Title: The Pavement Shines Like Silver
Summary: "Sometimes, you think it is something to do with halos and paintbrushes and the way she smiles when she's sad." All Lucy wants is immortality. / a next-gen one-shot.
Warnings: Incest, cousincest, het, femslash, mental disorders, hints of substance abuse and suicide.
Notes: This was written in honour of Camp Potter, and the activity is Tech Discovery. Also known as: write a one-shot about Lucy Weasley. Naturally, there are a hefty number of warnings for this piece, but please, please, please don't let that turn you away. For now, I sincerely hope you enjoy!

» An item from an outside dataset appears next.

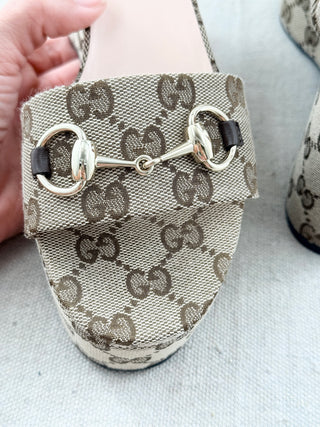 Gucci GG print horsebit platform sandals, 37.5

"In the darkness, the trees are full of starlight and all I see is him and me forever and forever." - On My Own, Les Misérables.
(ii)
Victoire is gorgeous.
She is flawed, of course - her hair isn't as perfectly straight as she likes to think, and her front teeth are crooked, and she still gets acne on her chin. And she loves Teddy, sweetie - that's one flaw you're never really going to see past.

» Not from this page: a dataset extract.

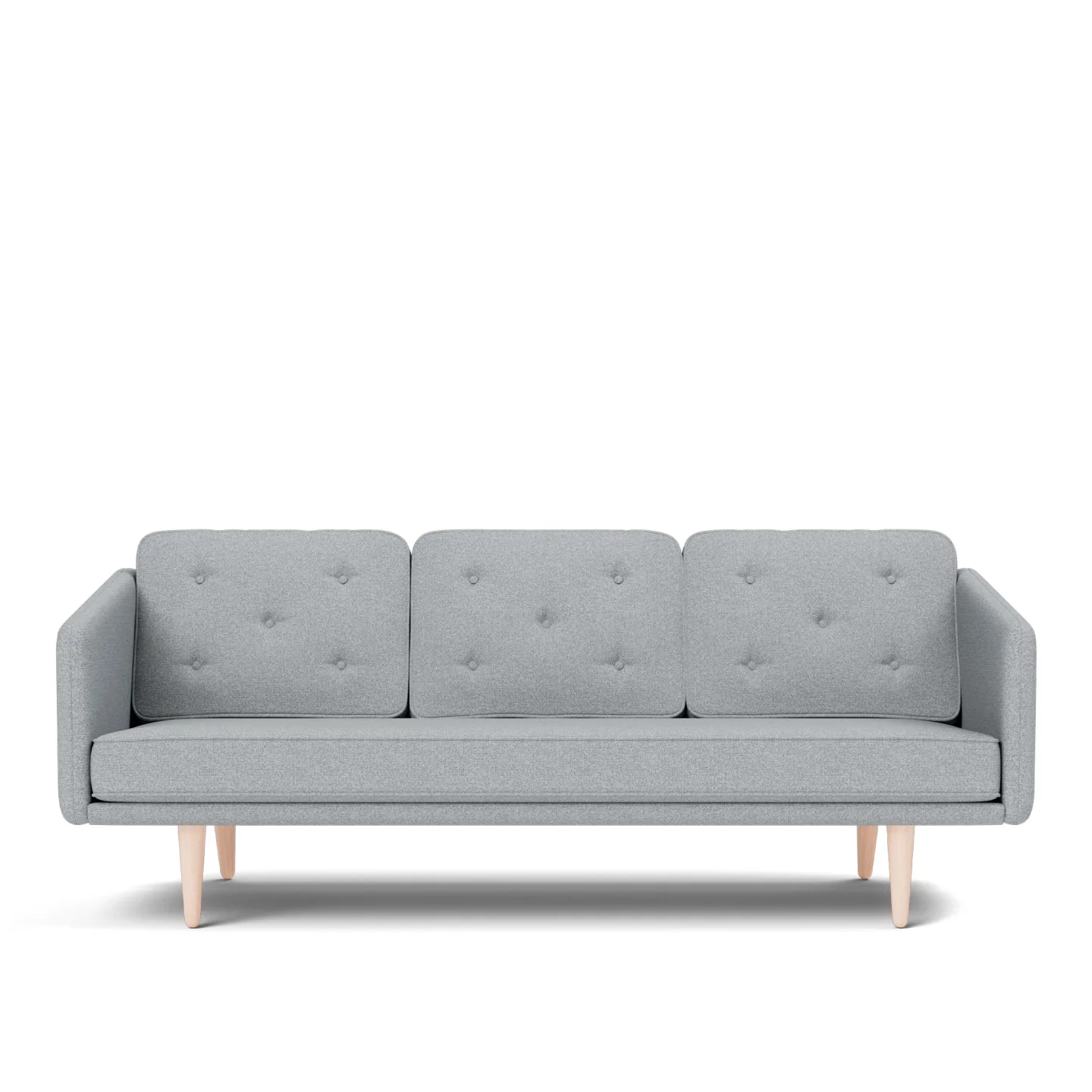 Fredericia Furniture - No. 1 Sofa - 3 seater - 206 cm - Hallingdal 130 - Oak soap treated - Soffor - Børge Mogensen - Grå - Textilmaterial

But who cares? She is Victoire Weasley and she has never been anything but golden.
And she is golden. Her hair is a halo and her eyes sparkle like streetlights. She is full of starlight and whispers and good girls gone bad.
And oh, darling, are you jealous?
How sad.
This is what happens, baby doll, when things don't go exactly your way. This is what happens when you start losing faith. You are left with streetlights and starlight and cigarette smoke, choking on your beliefs and waiting for them to save you. (They're not going to save you.) So now have to live with the consequences of being second best.
(Everyone is second best to Victoire fucking Weasley.)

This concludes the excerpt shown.